[Brief descriptive captions]
━━━━
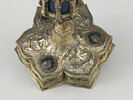 Pied de calice ou de reliquaire transformé en chandelier, image 2/5
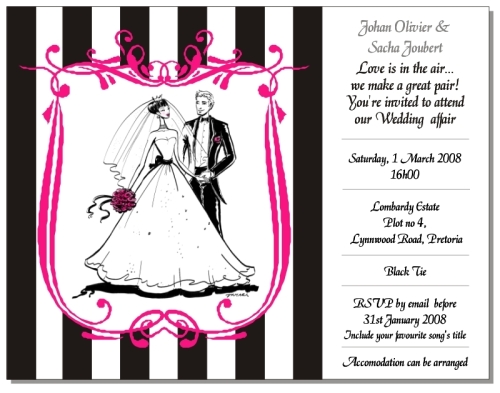 The wedding invitation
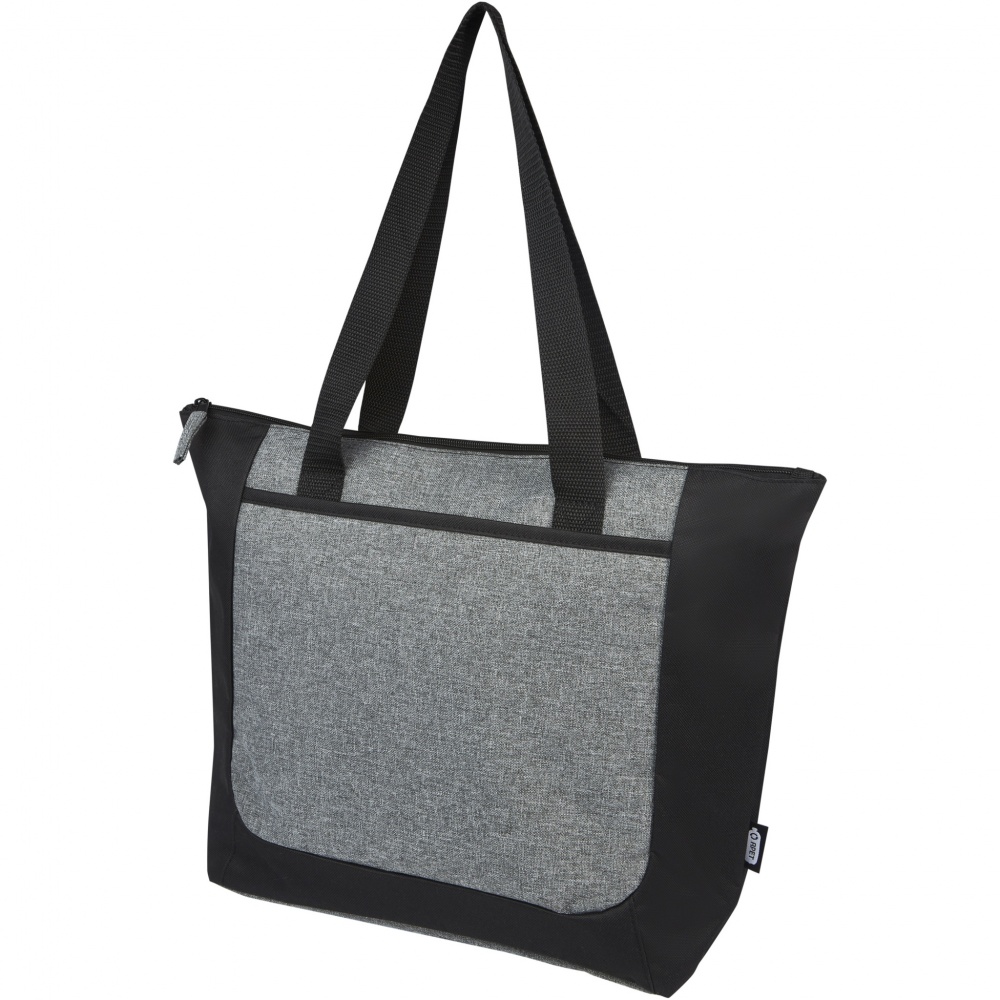 Logotrade corporate gift image of: Reclaim GRS recycled two-tone zippered tote bag 15L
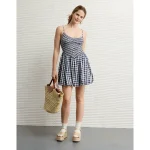 AE Bella Bubble Mini Dress - Navy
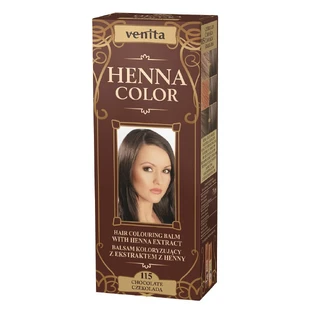 Venita Henna Loción Colorante con extracto de henna 115 Chocolate, 75ml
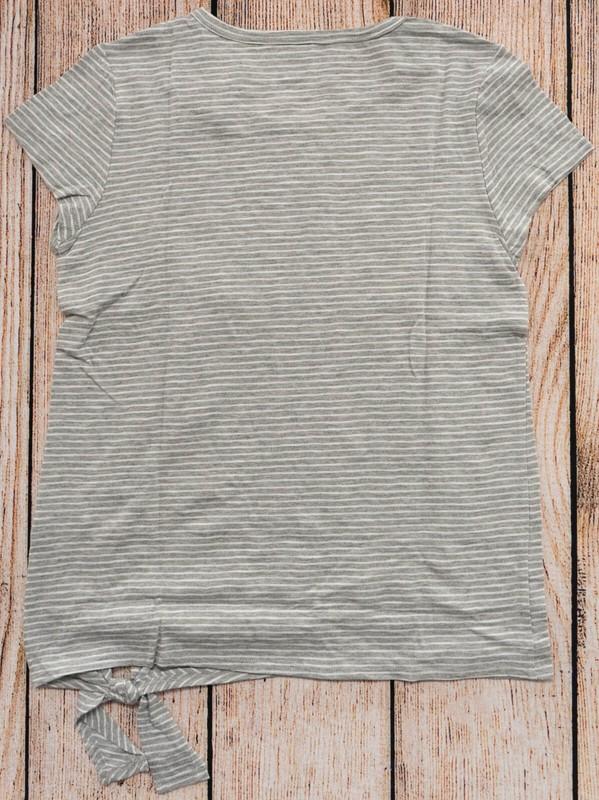 Womens L GAP Easy Tee Tie Gray Stripe (2a12) - 485522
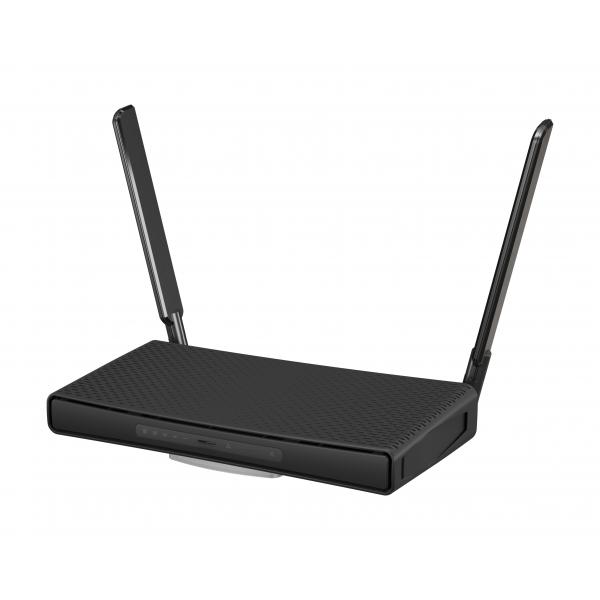 Mikrotik hAP axÂ³ router wireless Gigabit Ethernet Dual-band [2.4 GHz/5 GHz] Nero (MikroTik hAP AX3 Home Access Point / Router - C53UiG+5HPaxD2HPaxD)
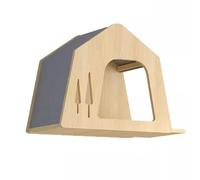 Wall Mounted Cat Furniture Set - Multi-Level Climber with House, Ladder, Steps, and Space Capsule for Indoor Cat Playground and Shelves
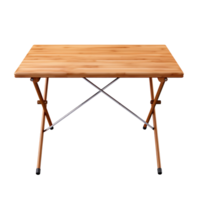 Folding table isolated on transparent background png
━━━━
Leave the pictures aside and give the records above back word for word.

Response =>
 Pied de calice ou de reliquaire transformé en chandelier, image 2/5
 The wedding invitation
 Logotrade corporate gift image of: Reclaim GRS recycled two-tone zippered tote bag 15L
 AE Bella Bubble Mini Dress - Navy
 Venita Henna Loción Colorante con extracto de henna 115 Chocolate, 75ml
 Womens L GAP Easy Tee Tie Gray Stripe (2a12) - 485522
 Mikrotik hAP axÂ³ router wireless Gigabit Ethernet Dual-band [2.4 GHz/5 GHz] Nero (MikroTik hAP AX3 Home Access Point / Router - C53UiG+5HPaxD2HPaxD)
 Wall Mounted Cat Furniture Set - Multi-Level Climber with House, Ladder, Steps, and Space Capsule for Indoor Cat Playground and Shelves
 Folding table isolated on transparent background png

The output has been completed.